Jay Stauffacher, co-owner of Highway Dairy Farms in Darlington, is one of the participants in the project, both in the environmental assessment and financial component. The 55-year-old family farm has 1,100 cows.
“What started as a way to reduce erosion after corn silage has led into improving soil health, reducing our farm’s carbon footprint and opening up new techniques of achieving crop yields in a more environmentally friendly way,” Stauffacher said. “Also, putting the financial data into this project has shown us which practices have reduced our costs in achieving the same yields, if not better, and other practices that would make financial sense that we currently do not use.”
The top six conservation practices farmers in the project are using are grassed waterways, contouring, cover crops, reduced tillage, strip cropping and no-tilling. The study’s findings are detailed in a 12-page report.

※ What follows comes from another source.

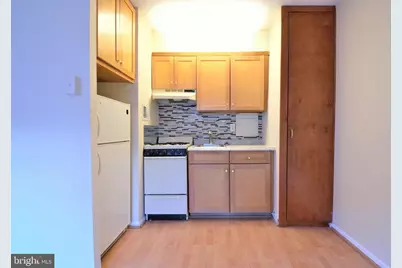 2101 Chestnut Street #305, Philadelphia, PA 19103 - Photo 2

In addition to Farmers for Sustainable Food, LASA has partnered with many others to develop and implement the project. Grande Cheese Company, The Nature Conservancy and Southwest Wisconsin Technical College are among supporters. The broad collaboration drew a national sustainability award in 2021 from the Innovation Center for U.S. Dairy.
“Having diverse partners support this project is truly what has made it successful and unique,” Brey said.
The technical college provides the financial analysis. Deb Ihm, director of agriculture at the college and a lead analyst for the project, pointed to two other key discoveries in addition to the positive yields and returns.
“Market price has a greater impact on financial sustainability than environmental practices,” Ihm said. Farmers need to know their cost of production per acre and identify ways to improve environmental quality, feed quality and price management.”